Ketundukan ini bagi para pejuang yang berjiwa besar adalah hal yang menjadi prioritas mereka. Jika ada kesempatan menunduk ia akan menunduk sedalam mungkin, jika ada ruang untuk bersembunyi maka ia akan meringkuk dalam sudut gelap, sembunyikan prestasi prestasinya. Dan ketundukan itu tak membuat ia lalu hilang dari popularitas, karena justru sebaliknya.  Karena kebersahajaan dan ketundukan ini objek pencitraan yang paling empuk.

Jadi seolah siklus yang berputar saja, anti pencitraan itu membuat mereka sembunyikan kapasitasnya dengan merendah secara performance fisik. Tapi di sisi lain gaya merendah itu menjadi objek pencitraan yang paling bagus. Ini jadi seperti persamaan matematika yang kedua sisinya berupa variabel bebas. Kedua saling mempengaruhi.

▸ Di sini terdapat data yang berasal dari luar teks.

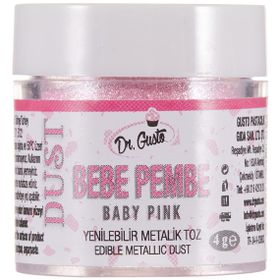 Dr. Gusto Metalik Bebe Pembe 4 gr Toz Gıda Boyası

Siang yang luang menjadi semakin benderang. Aku mulai terkantuk kantuk dalam kening berkerut.

Bekasi, 19 Maret 2016
Poetoe


Tidak ada komentar:

Posting Komentar

 Akhirnya bertepatan dengan ulang tahun pernikahanku yang ke-24, terbit buku kumpulan puisiku yang keempat, berjudul "Masalah Tak Perna...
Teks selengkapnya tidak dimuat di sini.